大怪獣のあとしまつのユーライのレビュー・感想・評価

大怪獣のあとしまつ(2022年製作の映画)
2.5
誰向けの映画なんだ。これまで特撮とは縁が無かった監督が得意分野であるコメディで挑戦、それなりに期待はさせたが予想以上に明後日の方向で落差が酷い。「空想特撮」に賭けて毒の含んだ風刺劇を期待すると緩さに唖然とさせられ、俳優目当てで観ても中途半端なシモに辟易させられるだけだろう。
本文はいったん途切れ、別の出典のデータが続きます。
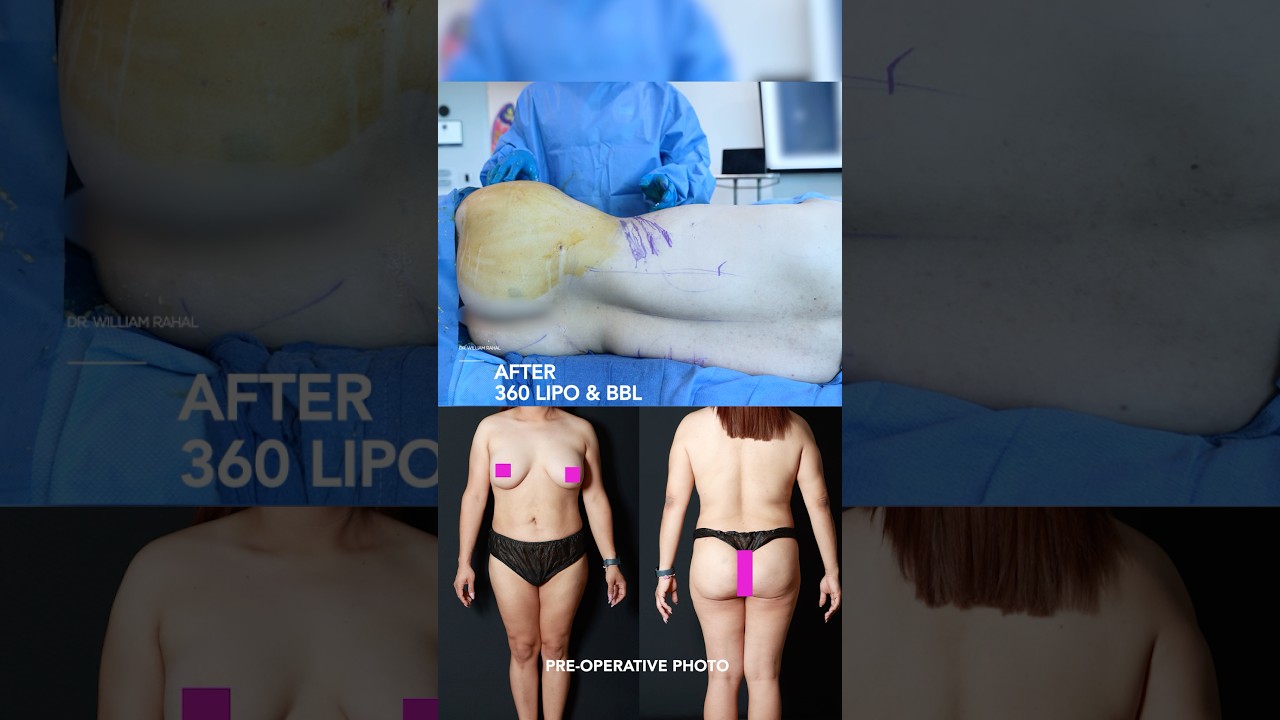 Операция по изменению пола — 360-градусная липосакция и BBL с ремоделированием рёбер! Результаты ...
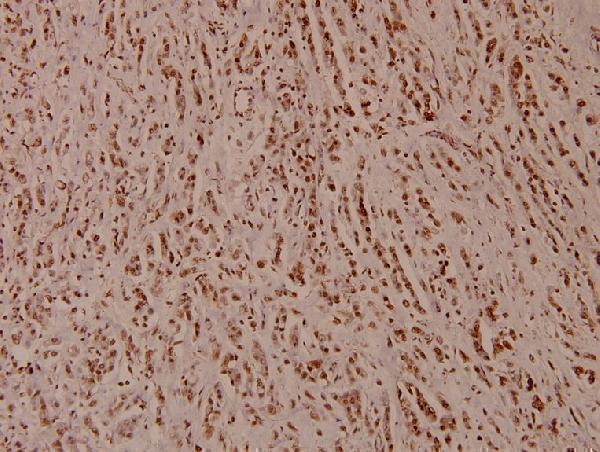 a32377 atp5pd primary antiboties ihc testing 2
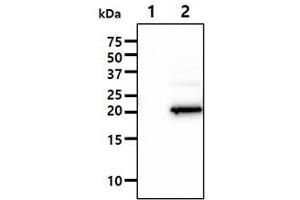 The Cell lysates (10ug) were resolved by SDS-PAGE, transferred to PVDF membrane and probed with anti-human IMP3 antibody (1:1000). (IMP3 antibody)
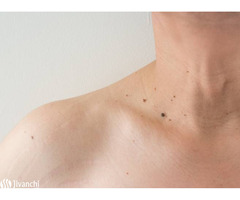 Invasive Treatment for Skin Tag Removal in Hyderabad - Pelle Skin & Hair Clinics - Image 2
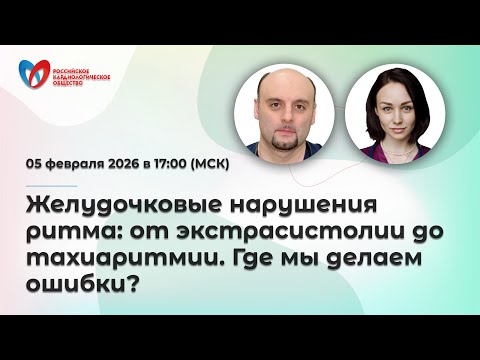 Желудочковые нарушения ритма: от экстрасистолии до тахиаритмии. Где мы делаем ошибки?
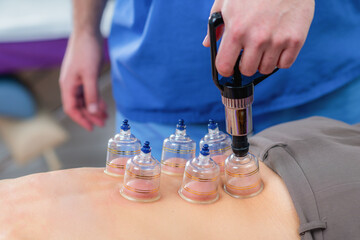 Woman receiving cupping therapy on her back during a physical therapy session. The suction cups...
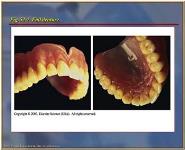 Removable Prosthodontics PowerPoint Presentation Notes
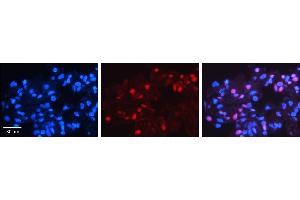 MXD4 antibody - N-terminal region          Formalin Fixed Paraffin Embedded Tissue:  Human Lung Tissue    Observed Staining:  Nucleus of pneumocytes   Primary Antibody Concentration:  1:100    Other Working Concentrations:  1/600    Secondary Antibody:  Donkey anti-Rabbit-Cy3    Secondary Antibody Concentration:  1:200    Magnification:  20X    Exposure Time:  0. (MXD4 antibody  (N-Term))
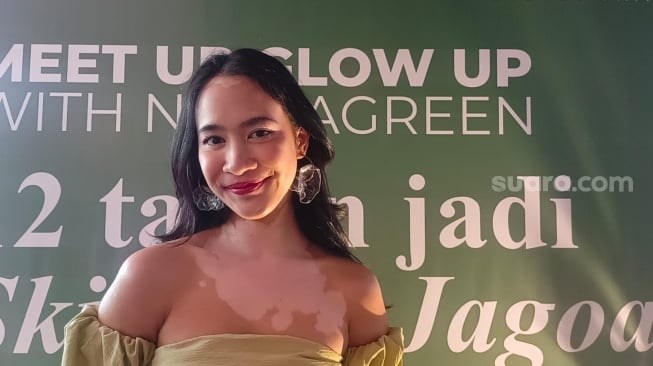 Percaya Diri dengan Vitiligo, Salma Kyana Ungkap Makna Kecantikan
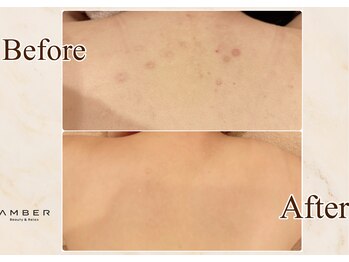 アンバー 恵比寿(AMBER)/ダウンタイム有ハーブピーリング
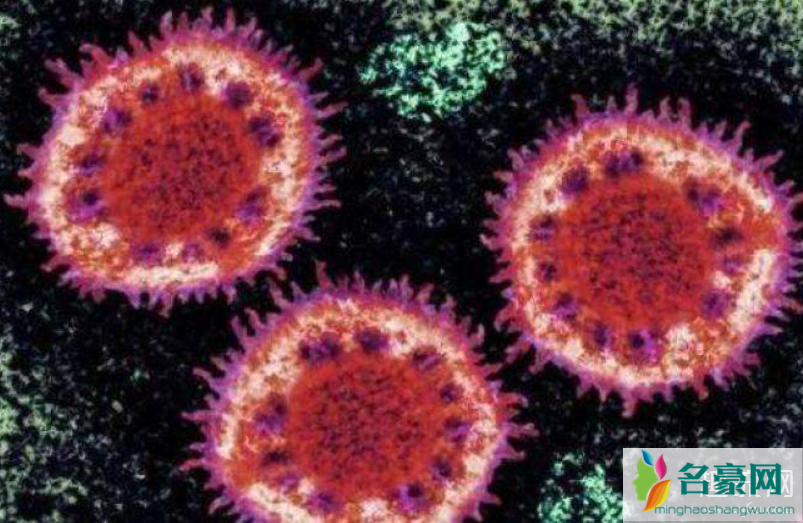 肺炎和感冒的症状区别 新型冠状病毒肺炎怎么预防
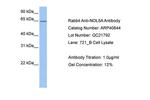 NOP56 Antibody in Western Blot (WB)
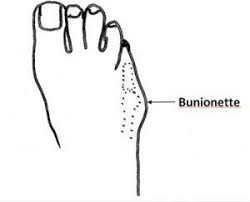Pin On Foot Pies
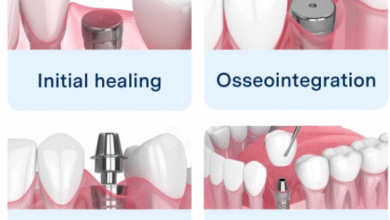 4 Essential Steps In The Dental Implant Process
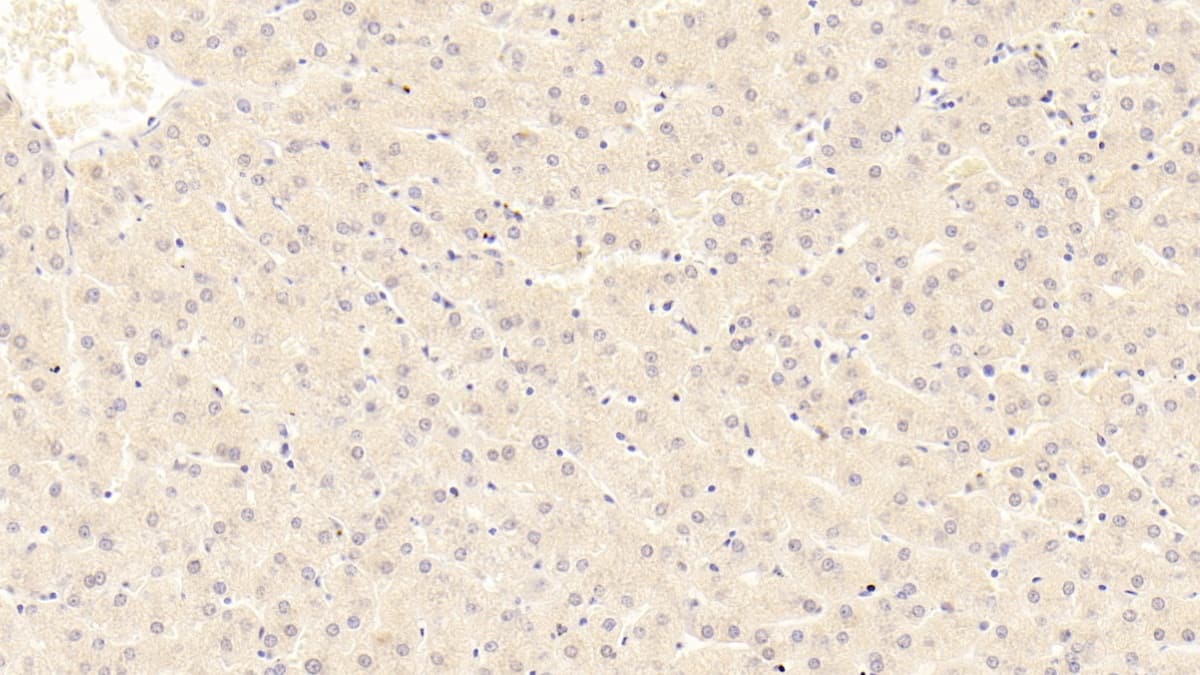 Immunohistochemistry-Paraffin: Phenylalanine Hydroxylase Antibody (C7) [NBP3-41973] - DAB staining on IHC-P; Sample: Human Liver Tissue; Primary Ab: 20ug/ml NBP3-41973; Second Ab: 2ug/mL HRP-Linked Caprine Anti-Mouse IgG Polyclonal Antibody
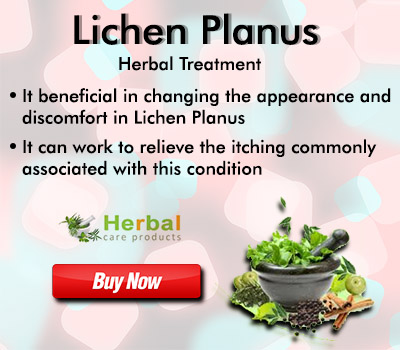 f:id:herbalcareproducts:20200629150551j:plain f:id:herbalcareproducts:20200629150551j:plain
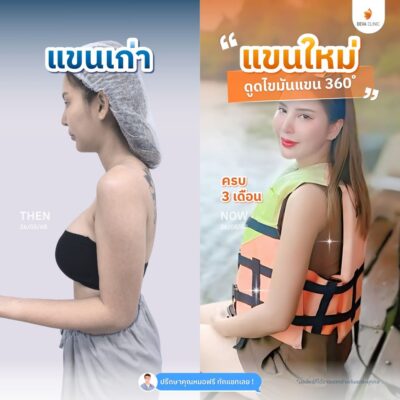 รวมรีวิวดูดแขน 3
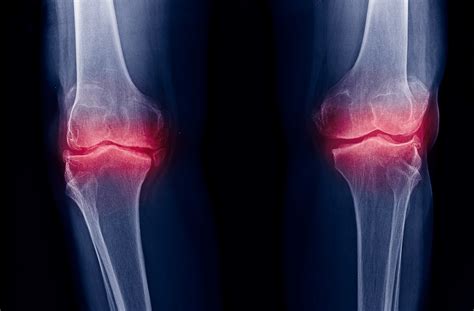 Radiographic Changes of Osteoarthritis Associated With Persistent Knee Pain - Rheumatology Advisor
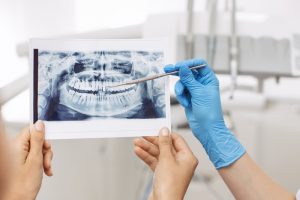 dentist showing x ray image to patient 300x200 - Let Us Explain Your Dental Benefits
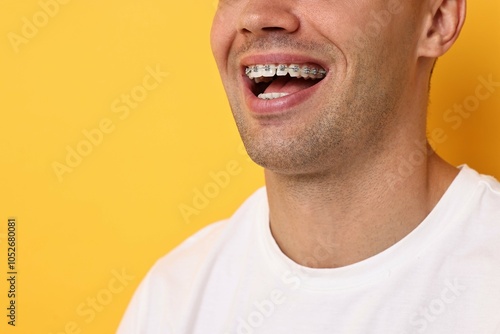 Happy man with dental braces on yellow background, closeup. Space for text photo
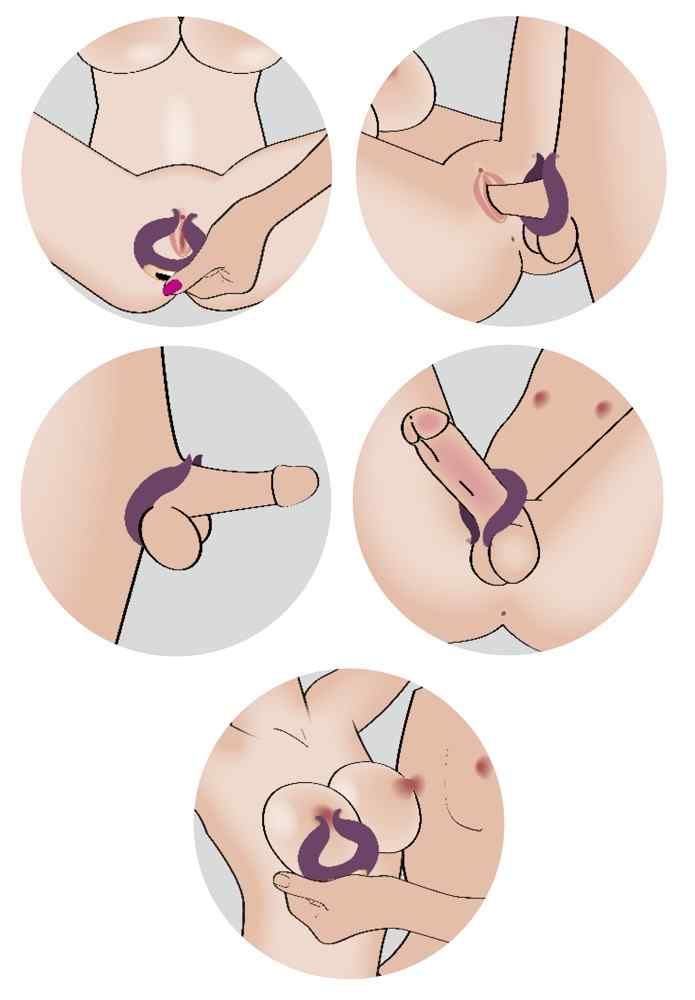 Illustrationen zeigen die Anwendung eines lila Rings. Für intime Zwecke.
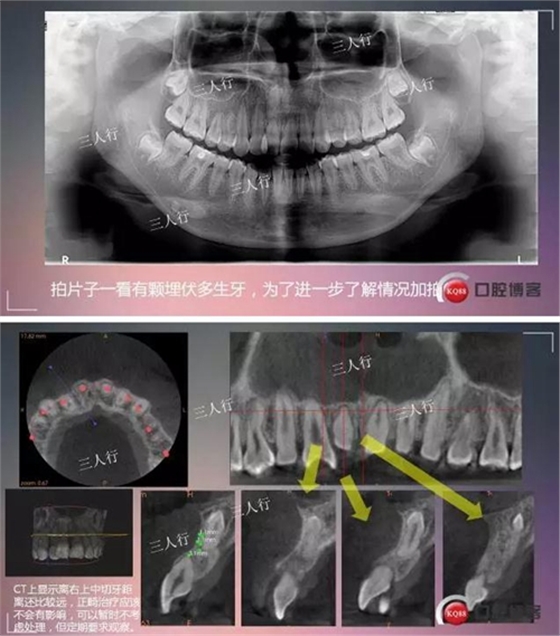 深部埋伏多生牙——微創處理  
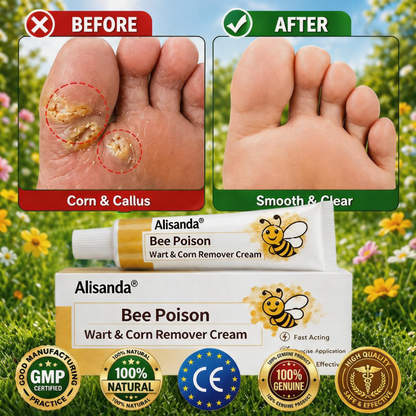 👨‍⚕️Alisanda®Bee Poison Wart & Corn Remover Cream⚡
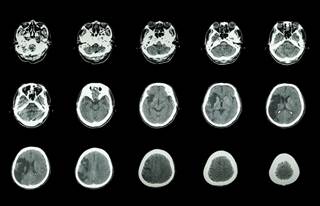 The odds of being discharged home after stroke were increased more than 12-fold in patients who had above-average outcome scores. The odds of being discharged home after stroke were increased more than 12-fold in patients who had above-average outcome scores.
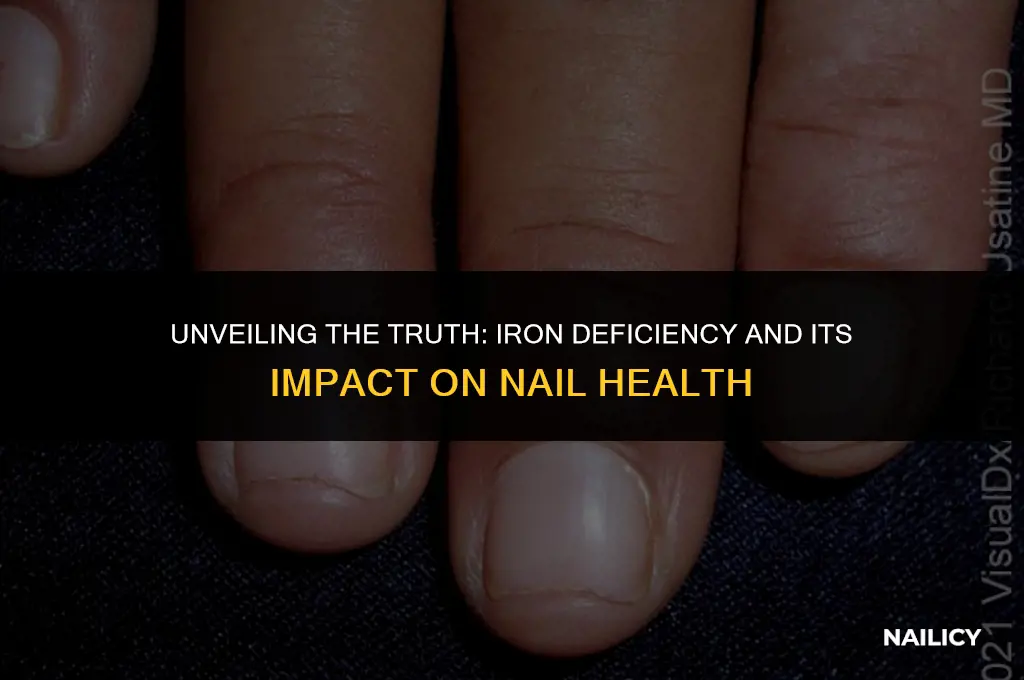 can iron deficiency cause blue nails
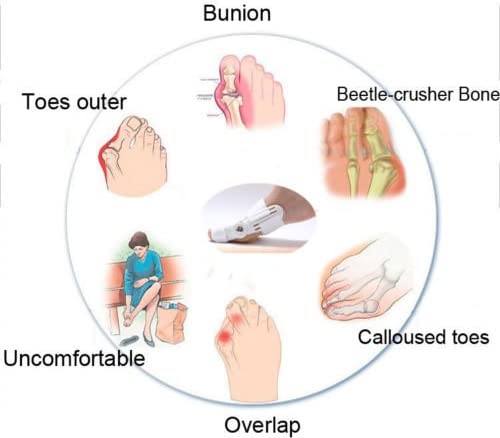 Correcteur Et Ort-hèse De Pied – Blanc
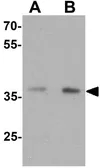 Anti-MECR antibody used in Western Blot (WB). GTX31866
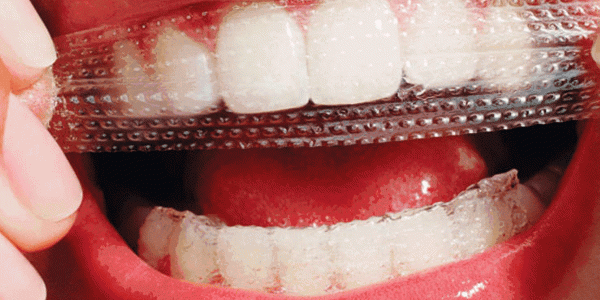أنواع تبييض الأسنان واسعارها
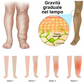 👑👑𝗩𝗡𝗣𝗥𝗢𝗢® Supporto termico per il ginocchio a radiofrequenza a base di erbe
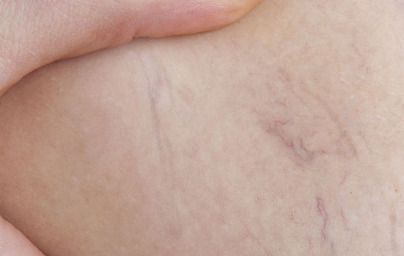 4 vitamini, ki preženejo krčne žile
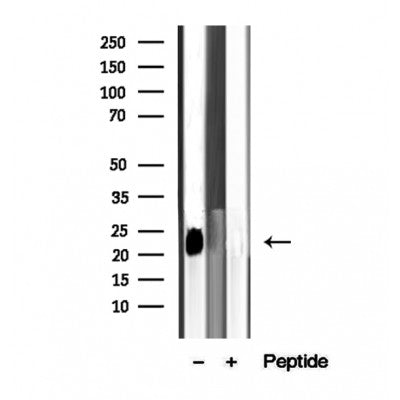 Western blot analysis of extracts from 3T3, using ARL8B antibody. Lane 1 was treated with the blocking peptide.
事あるごとにしょうもないギャグを入れてくるが、まず「怪獣の後始末」状況と大体関係がないし、お出ししてくるのがうんこちんちんなのはマズい。恋愛ドラマを絶対にやるなとまでは言わないが、自称政治劇とどっちつかずで中途半端になるくらいならとことん下世話に振り切ったR15作品にしたほうが良い。あんなに大袈裟に誇張しなくてももっと微妙な加減で笑いは成立する。『シン・ゴジラ』のフォロワーであるのに、あのブラックコメディとしての完成度から一体何を学んだのだろう。オチは特撮ファンなら秒で分かる仕掛けでどう考えても二時間引っ張るネタではない。三十分単話が妥当なのにスタッフは本家を呼んできているからどういうモードで見ればいいのか困惑させられる。作りもの丸出しでも成り立つ世界観なのに。何よりこれを製作の不都合ではなく真面目に「面白い」と思っていそうなのが罪深い。今現在を反映させて非日常の風景を面白がらせる不謹慎さがあるのは見所。ならもっと真面目にやるべきだが。軍のゴツいバイクが無人の道路を緊急車両の警報を鳴らして通り過ぎるなどときめくカットはあるにも関わらず……題材は全く悪くないだけにこれで益々怪獣映画が不遇にされるとしたら酷い。